NIOSH Seeks Comment on Diacetyl Document

The National Institute for Occupational Safety and Health (NIOSH) seeks public comment on a draft document concerning occupational exposure limits and control recommendations for the food flavorings diacetyl and 2,3-pentanedione.

Occupational exposure to diacetyl, which is used to add flavor and aroma to food such as microwave popcorn, has been linked with debilitating lung disease.
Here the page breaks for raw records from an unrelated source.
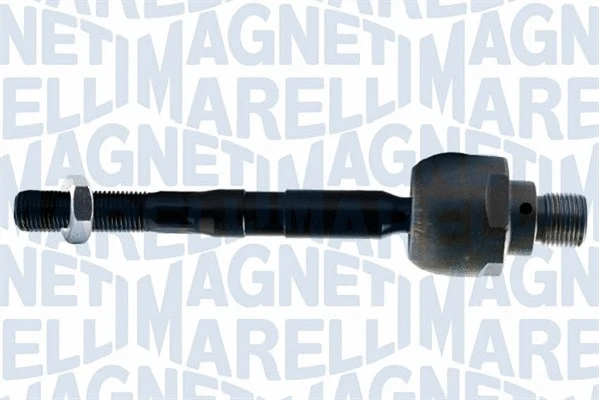 Centre Rod Assembly (301191601150)
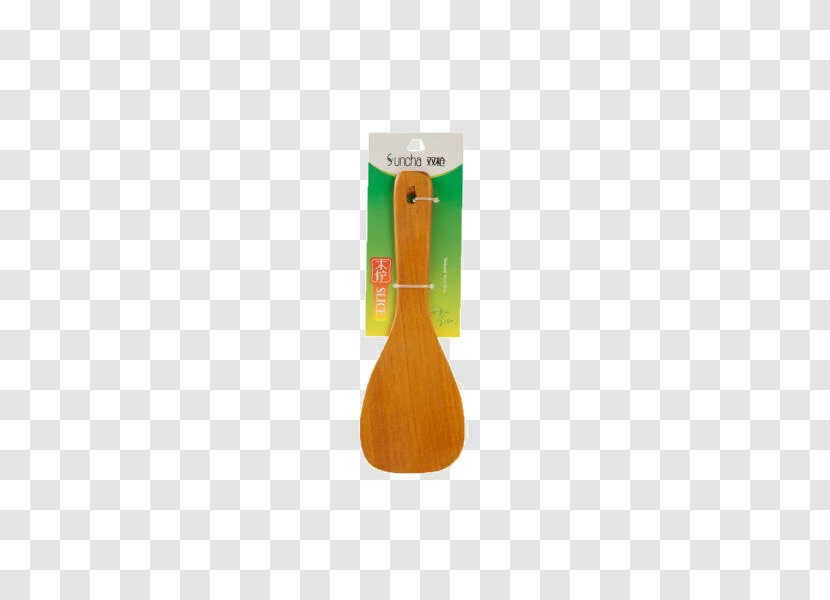Bowling Pin Glass Bottle - Spear Rice Shovel Wooden Nonstick Meters Transparent PNG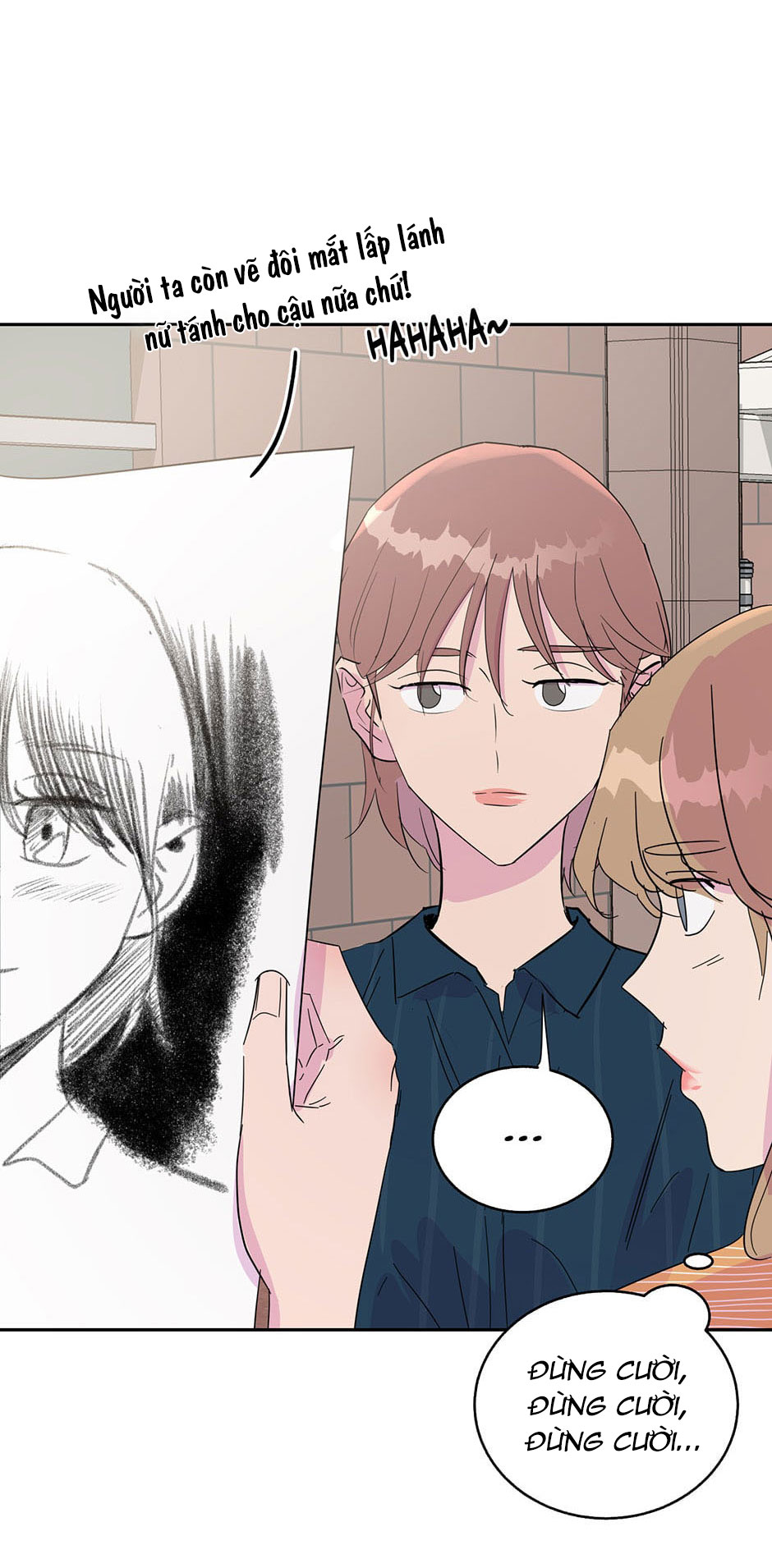 đọc truyện Nguyên Tắc Mối Quan Hệ Chương 38 ảnh 32 tại Thiên Thai Truyện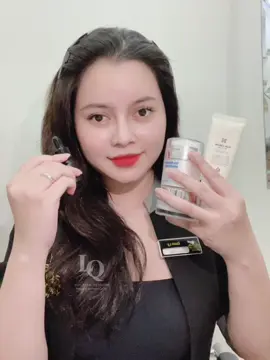 Peel tại nhà #chamsocdaseo#chamsocda#chamsocdamun#chamsocdanam#tanbinh      
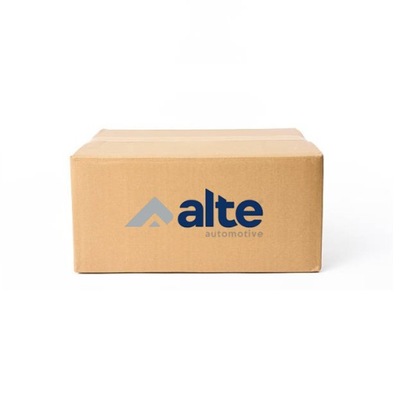 ALTE AUTOMOTIVE 82479AL WAHACZ, SUSPENSION WHEELS - milautoparts-fr.ukrlive.com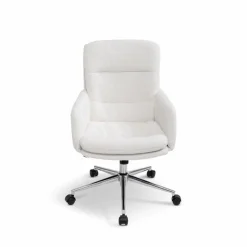 New BOOOM Drehstuhl Rodez Beige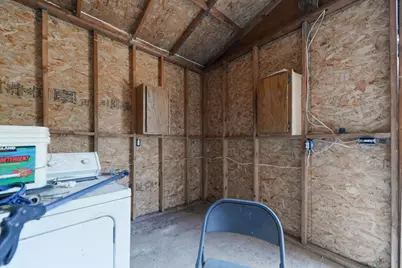 1620 Wells Fargo Station Road, Mokelumne Hill, CA 95245 - Photo 81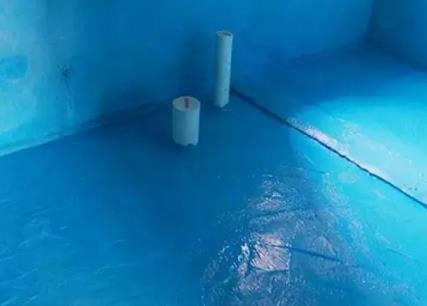 剑河卫生间防水公司分享防水小知识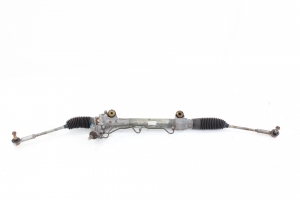 Caixa Direção Hidraúlica 2.5 Diesel Hilux 05/15 Usado (906)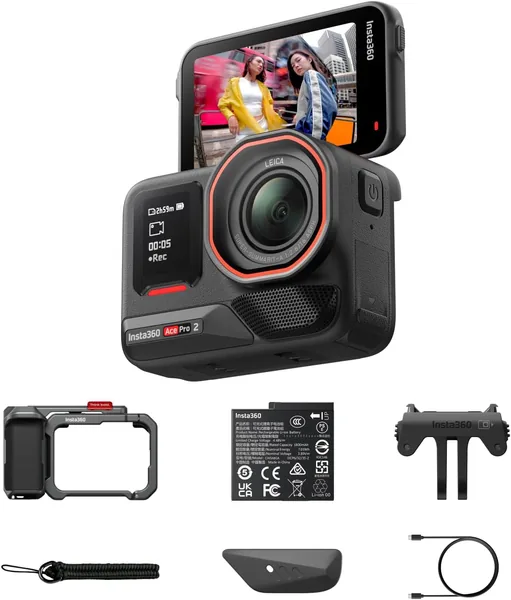 Ace Pro 2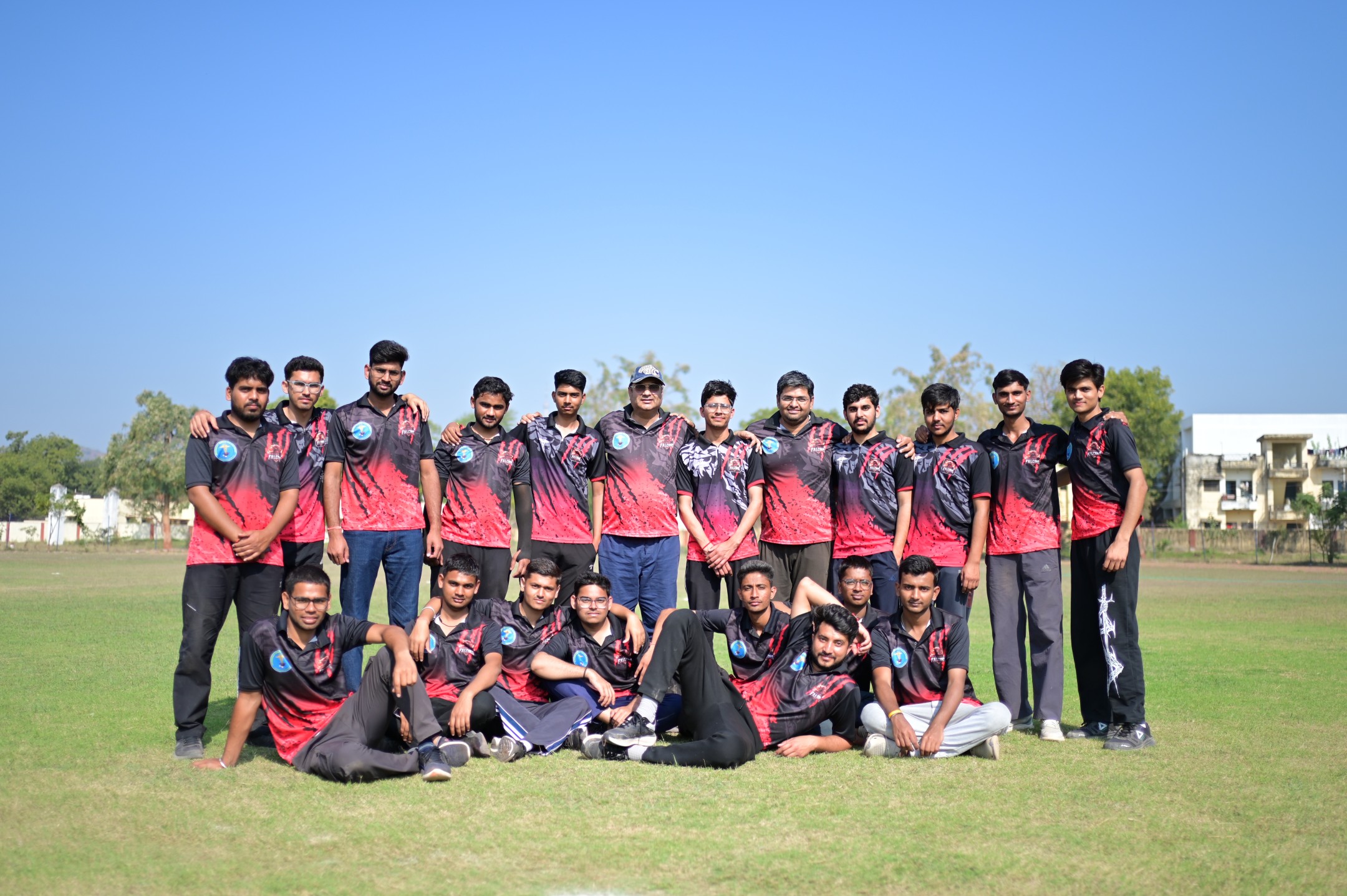 Tarakash 2.0 Memory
While some manufacturers began using 2,3-pentanedione in place of diacetyl, health concerns are associated with this substitute, as well.
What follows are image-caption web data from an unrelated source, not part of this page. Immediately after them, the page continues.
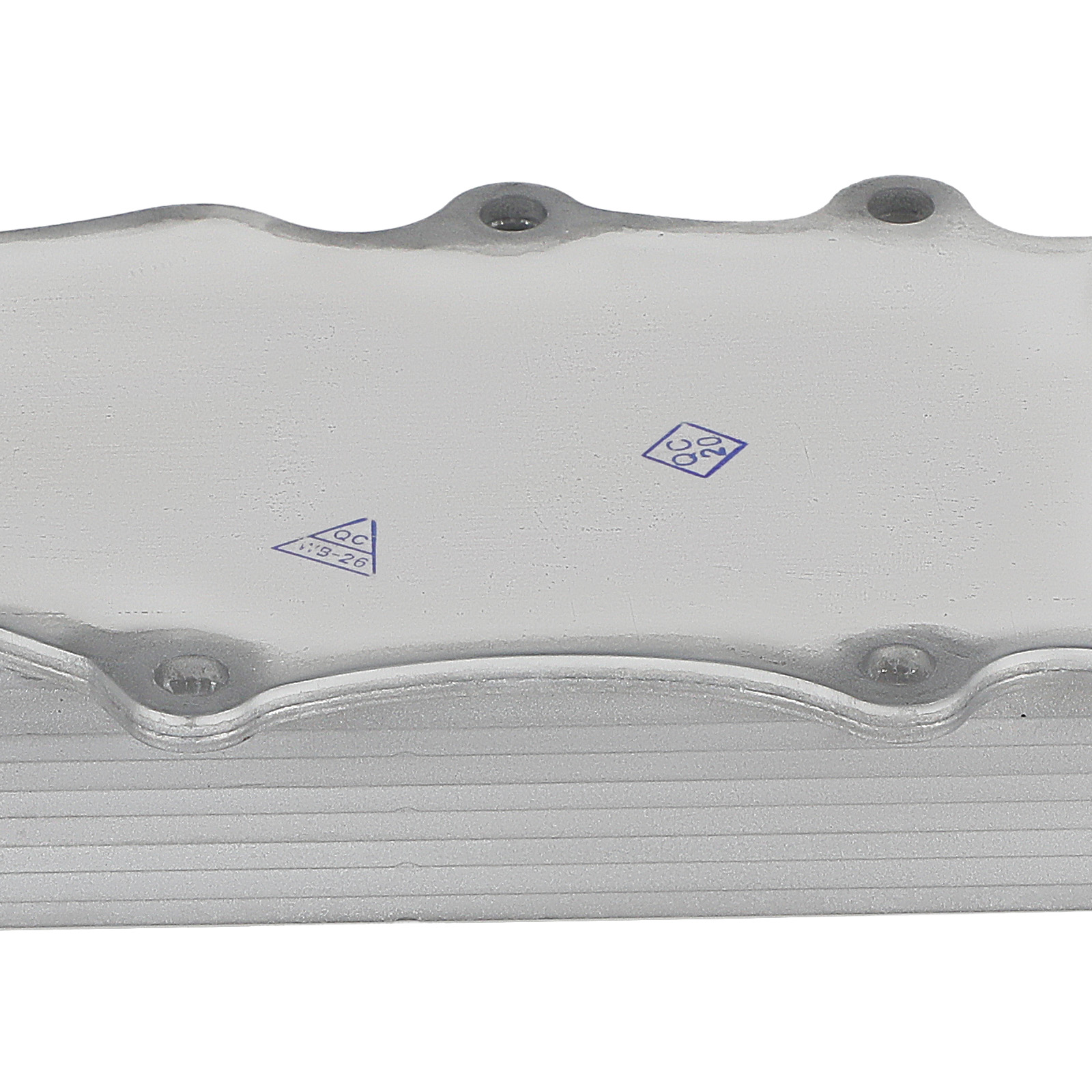 Ölkühler for Mercedes R-Klasse W251 R280 R300 CDI 4-matic bis 2012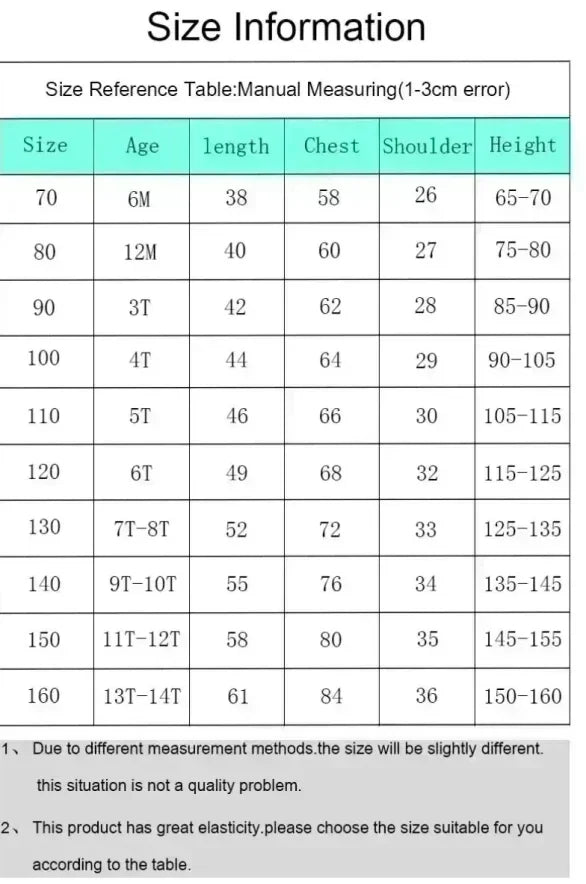 New Marvel Animation Cartoon Batman Quick-drying Short-sleeved T-shirt, A Brand of Short-sleeved Shirts for Children and Adults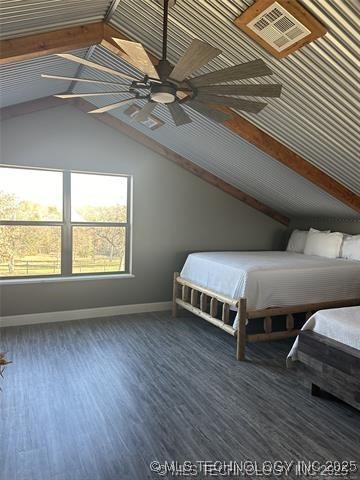 10499 S Barn Owl Property Photo 12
NIOSH’s draft document, “Criteria for a Recommended Standard: Occupational Exposure to Diacetyl and 2,3-pentanedione,” recommends the following exposure limits for diacetyl and 2,3-pentanedione:

Diacetyl – a recommended exposure limit (REL) of 5 parts per billion (ppb) as an 8-hour, time-weighted average during a 40-hour workweek. NIOSH also recommends a short-term exposure limit (STEL) for diacetyl of 25 ppb for a 15-minute time period.

2,3-pentanedione – an REL of 9.3 ppb as an 8-hour, time-weighted average during a 40-hour workweek. This REL is based on the lowest level at which the substance reliably can be detected using the existing analytical method, and should not be misconstrued to imply that 2,3-pentanedione is of lower toxicity than diacetyl. On the same basis of analytic method limitation, NIOSH also recommends an STEL of 31 ppb to limit peak exposures for 2,3-pentanedione.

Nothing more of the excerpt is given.